DC: It’s all about knowing the child your working with and building trust in that relationship. With the situation you’re talking about, the child was a kindergartner, so the school might not have had the time necessary to establish that type of trust, but that’s the goal. A teacher needs to learn their student’s triggers, so that you can see a problem before it gets out of control. Once you can read their actions leading up to a tantrum, you teach the child ways to deescalate or calm down. That too, is different for many kids. It could be having a quiet spot in the room just for them where they can go get control of their emotions. It could be putting on a set of headphones so that they can block out the noise of the classroom. It could be a choice – choice situation, where a child doesn’t deal well with authority, but if you give them one of two choices, it helps them feel in control. It could be removing everyone else from the situation so that they can get some privacy. Some kids are acting out to get attention from adults, some want attention from peers. It’s best to handle these things privately to remove that aspect of it and for everyone’s safety.

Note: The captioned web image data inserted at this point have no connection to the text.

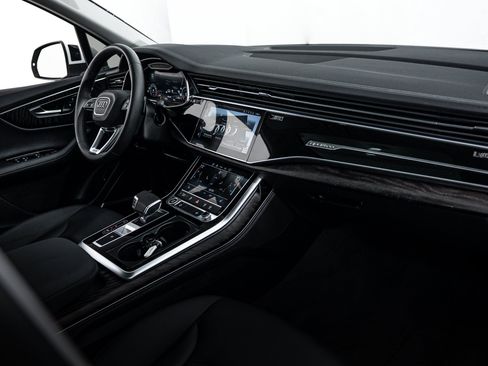 Used 2023 Audi Q7 3.0T Premium Plus w/ Premium Plus Package AWD/4WD image 8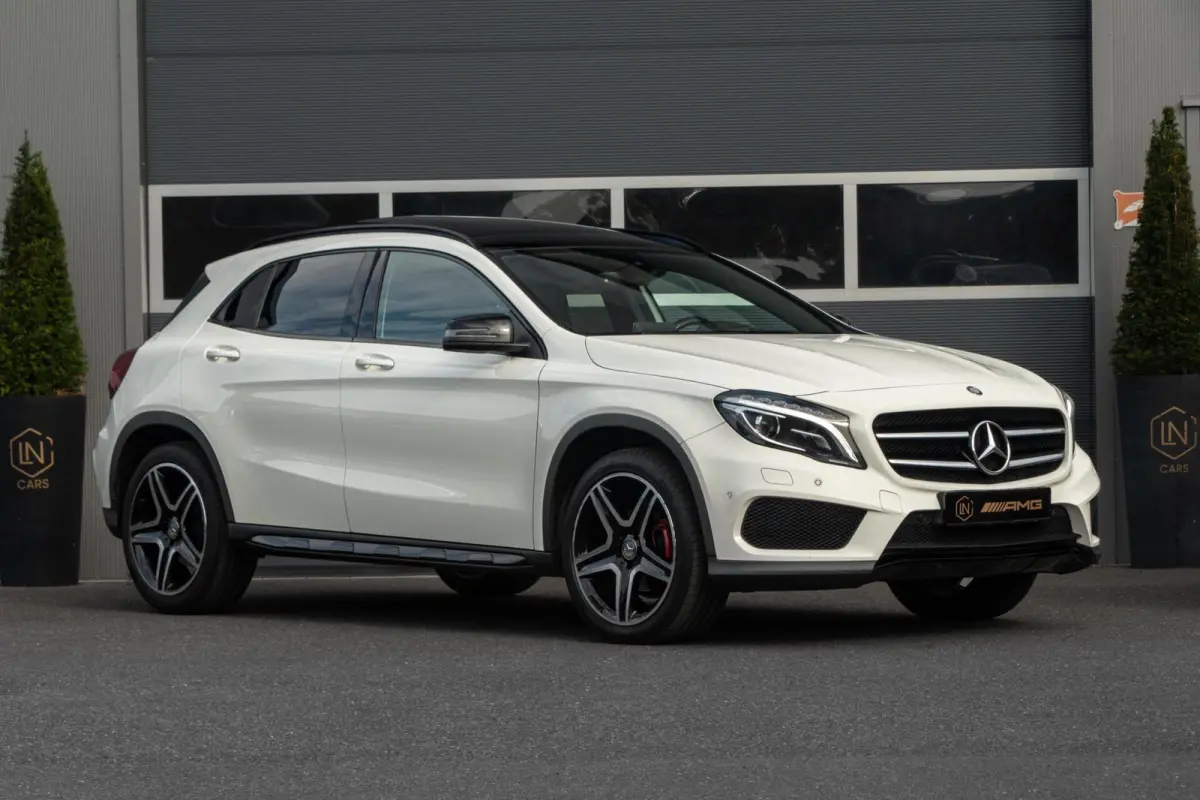 200 AMG | Pano| Apple Carplay | Camera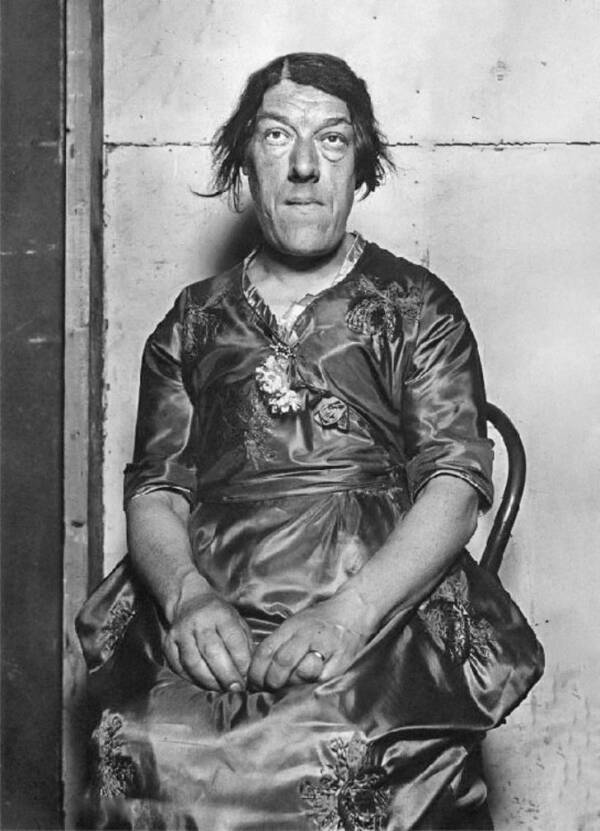 mary ann bevan feet 3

LC: So, you’ve seen these situations before. Walk me through how a violent tantrum would normally be handled in your classroom.

DC: The adult who the child is angry at would not be the person who helps the student calm down. Once the child has gotten violent, the teacher will be removed from the situation and will help the rest of their class. It can take up four adults. One person does all the talking and communicating with the child. That will be the same person to restrain the child so that they don’t harm themselves or anyone else. Another adult will be there the entire time, writing down every action taken and every word said. This is to guarantee the safety of everyone involved. It’s also so teachers and administrators can look back and try to figure our the triggers of the situation. Additional adults will clear the halls and help move the child to the office without any other student seeing them. You don’t want to embarrass the child or scare other kids. Once the episode is over, the team will get together with the teacher to try to find a way to reintroduce the child into the classroom. Also, counselors might help the child reestablish trust with the adult they were angry at during the tantrum.

LC: No handcuffs necessary then.

DC: No. Never. But again, it’s important to note that school districts have to pay for the training to take place. Very often, this is a money issue. Our schools certification is coming up next year, and we’re still fighting to get money from the school board to train new staff members and continue our own education when it comes to dealing with these types of emotional issues.